*** DATASET ***

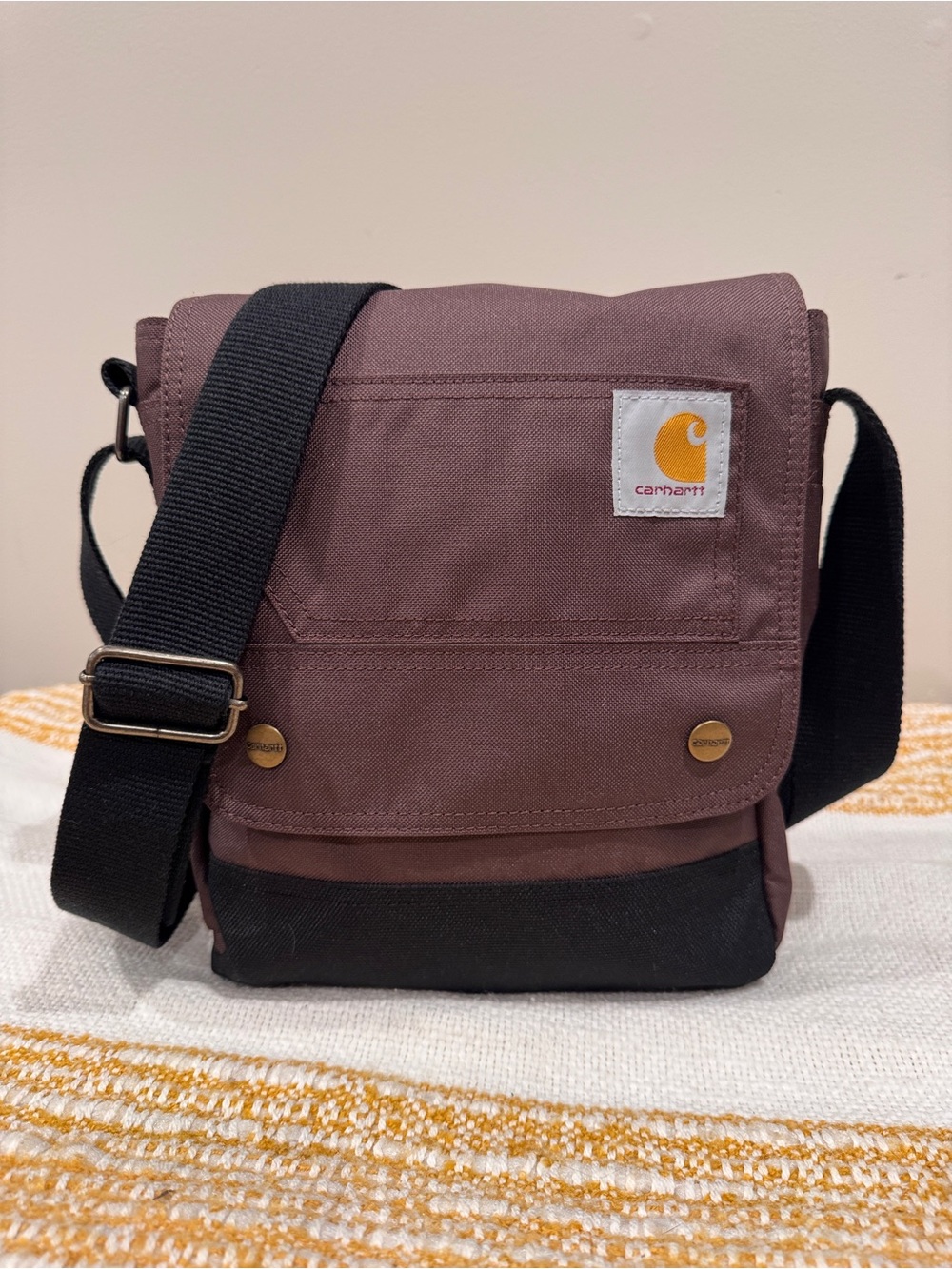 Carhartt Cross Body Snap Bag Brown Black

*** End of DATASET ***
*** DATASET ***

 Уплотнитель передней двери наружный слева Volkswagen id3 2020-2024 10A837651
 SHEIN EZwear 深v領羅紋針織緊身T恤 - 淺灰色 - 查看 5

*** End of DATASET ***

◆ EXERCISE REQUIREMENTS
Write out only the lines that run from the line containing "Уплотнитель передней двери" through the line containing "SHEIN EZwear 深v領羅紋針織緊身T恤 - 淺灰色 - 查看 5", both included, exactly as they appear above.

◆ OUTPUT BELOW
 Уплотнитель передней двери наружный слева Volkswagen id3 2020-2024 10A837651
 SHEIN EZwear 深v領羅紋針織緊身T恤 - 淺灰色 - 查看 5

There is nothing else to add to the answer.